Nowhere is the lesson of May Day more significant than in Bangladesh, for it is here that workers and peasants have waged long, relentless movements to claim for themselves a respectable place in the wider community. These are men and women who have carried, with others, our nationalistic struggle of the 1960s forward. And again they did not flinch from identifying with the War of Liberation in 1971 to ensure for the nation a life to be lived in liberty and with a materialization of the goals set forth in that war. That May Day is for us, as it is for others around the world, symbolic of the idea that national development is but a guarantee of happiness and prosperity for those who toil day and night for the greatest good of the greatest number is a theme we cannot ignore.

 

But we observe with a considerable degree of worry that large numbers of our working classes even now struggle to make ends meet for themselves and for their families.

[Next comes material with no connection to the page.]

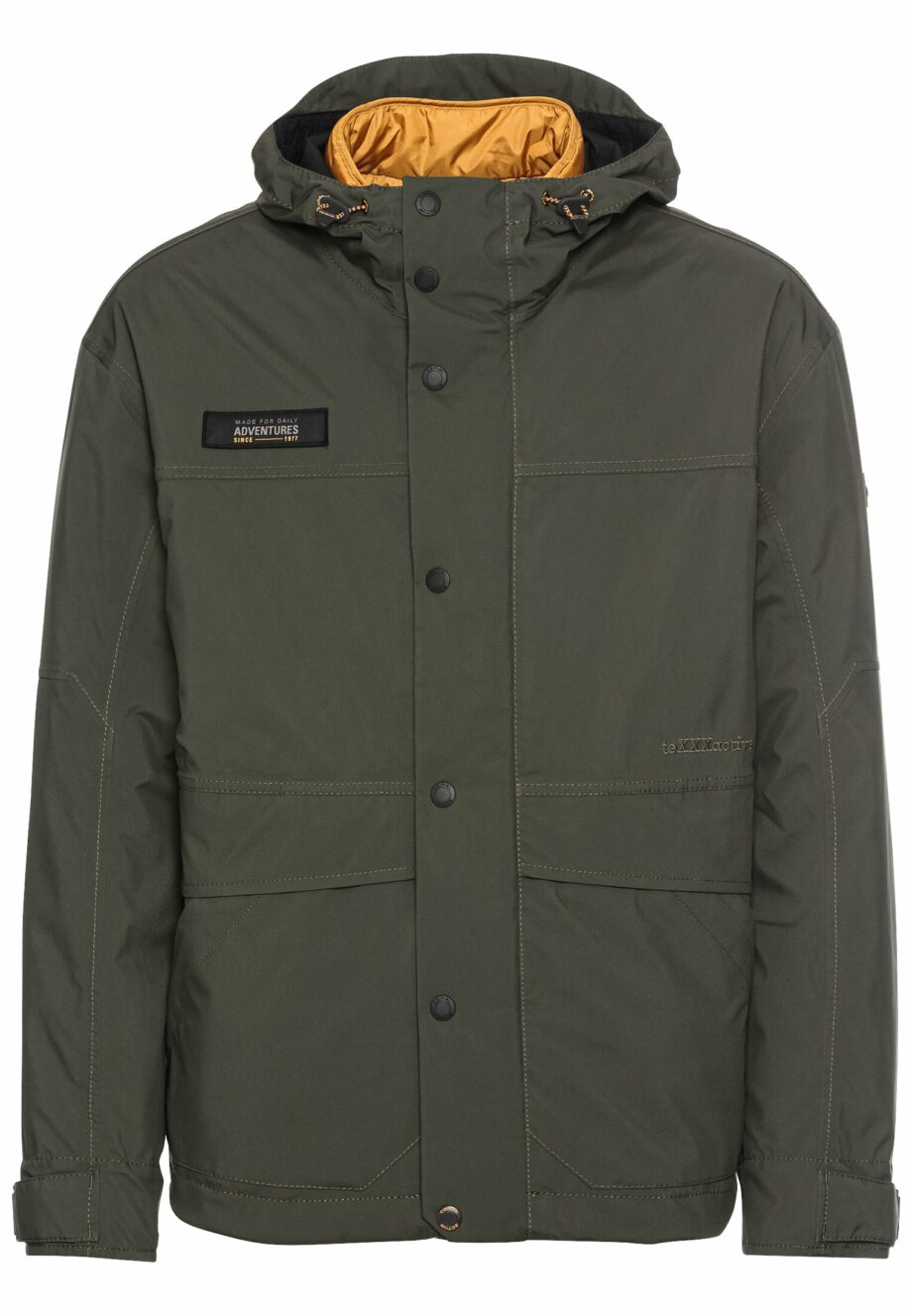 Camel Herren Jacke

That tens of thousands of men and women have found opportunities to ensure square meals for themselves through employment in the ready-made garments sector is a truth we cannot ignore. That our GDP growth has gone up is a reality we deeply appreciate. That we have become a lower middle income country and are today aiming for even higher goals is an unassailable truth. Despite all this, we know that much more needs to be done to give our people stability in life. When a child cannot go to school because he needs to work in order to assist his family get two square meals a day, we know there is still a very long road this child must cover if he and his family are to survive.

 

All of us — politicians, academics, journalists, citizens across the board — need to sit back and take stock of existing realities and future possibilities. Progress is ultimately dependent on the degree to which the political leadership can bring enlightenment to bear on its policies and goals.